Changing gender rules

I’m trying to do something a little complicated with I7. My primary target audience is the LGBT community, so I’m trying to get rid of the following restrictive rules:

  • A person cannot be both male and female
  • A person who is not male must be female
  • A person who is not female must be male

Trying to add new kinds of people is driving me up the wall. I was able to add “neutrois” with the rule that a neutrois person is always neuter, but I can’t say “A neutrois is never male. A neutrois is never female.” because Inform thinks I’m contradicting myself. Likewise, I can’t add “bigender”, someone who’s more than one gender at the same time.

Basically what I think I need to do is reconstruct the concepts of “male” and “female” from the ground up, but I have no idea how to do this.

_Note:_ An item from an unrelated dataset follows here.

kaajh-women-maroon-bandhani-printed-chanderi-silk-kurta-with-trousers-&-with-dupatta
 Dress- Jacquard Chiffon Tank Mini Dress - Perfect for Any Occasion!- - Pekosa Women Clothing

I agree you’re best off ignoring I7’s built in “gender” concepts and rolling your own, as you’re suggesting. The biggest difficulty is that Inform has already reserved the words male, female, and neuter, and it’s tricky to replace all the sections of code in the Standard Rules that mention them. (Possible, though… this really calls out for a nice “Gender” extension, which would properly work all this out, but until then…) The quickest way to get around this is by just using different words… or adopting some convention like beginning any gender identifier with an underscore.

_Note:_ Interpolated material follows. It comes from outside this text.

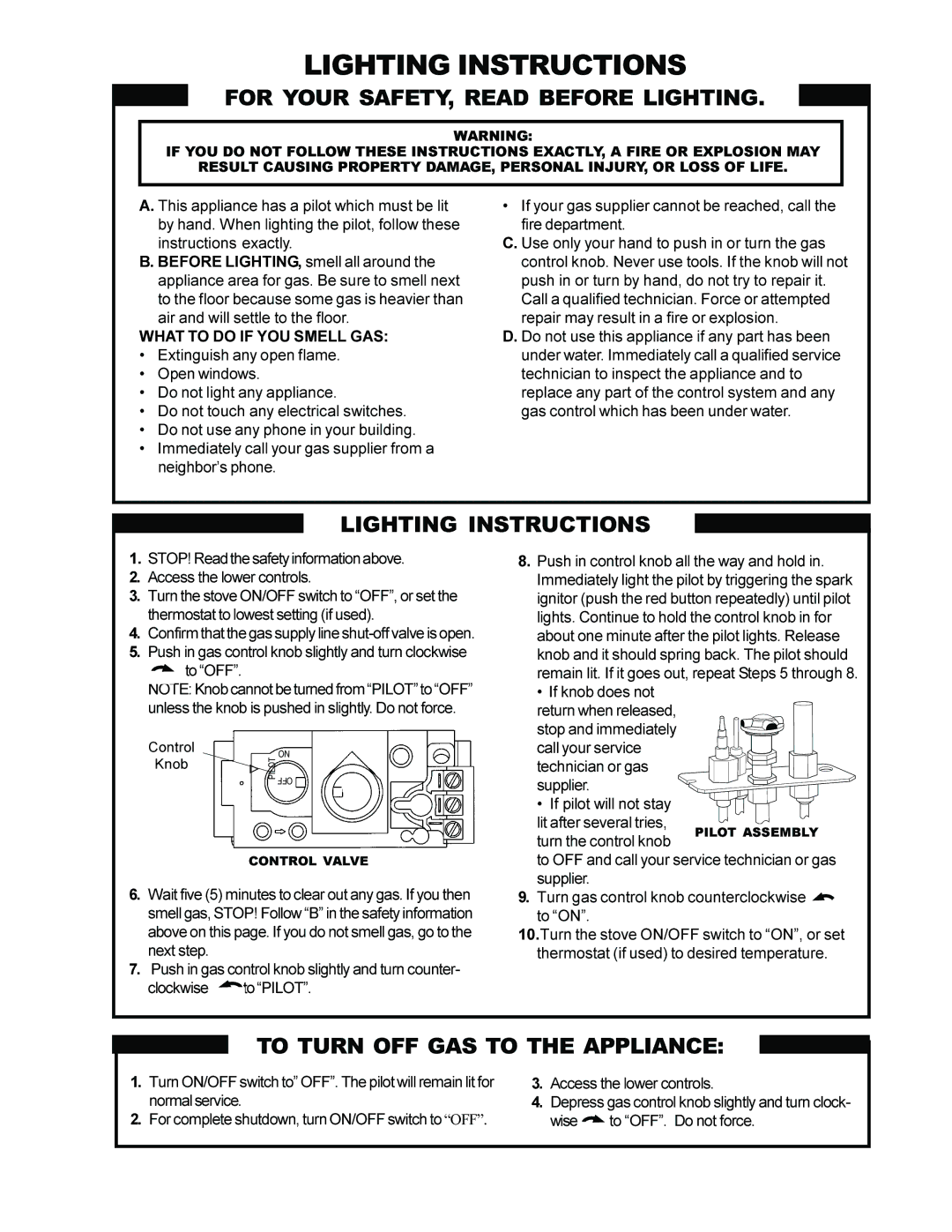 Jotul GF 3 BV manual Lighting Instructions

We need a couple tricky Inform 7 concepts to implement this. First we want to create a relation that lets us connect people to any number of gender identities.

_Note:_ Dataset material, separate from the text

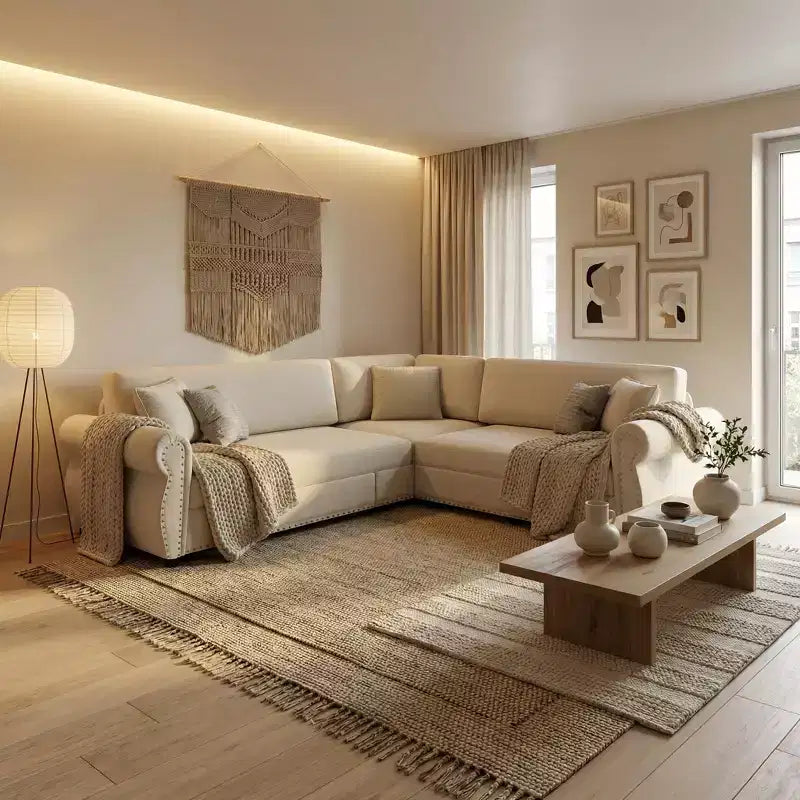 Homy Casa 88 L-förmiges Schlafsofa mit Ausziehbett, Chenille-Polsterung, 5-Sitzer, Beige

A gender identifier is a kind of value. The gender identifiers are _male, _female, _neutrois, and _genderqueer. [And whatever else you want to add.]

Identifying relates various people to various gender identifiers. The verb to identify as (he identifies as, they identify as, he identified as, it is identified as, he is identifying as) implies the identifying relation.

Bob is a person. Bob identifies as _neutrois. Jean is a person. Jean identifies as _female and _genderqueer. 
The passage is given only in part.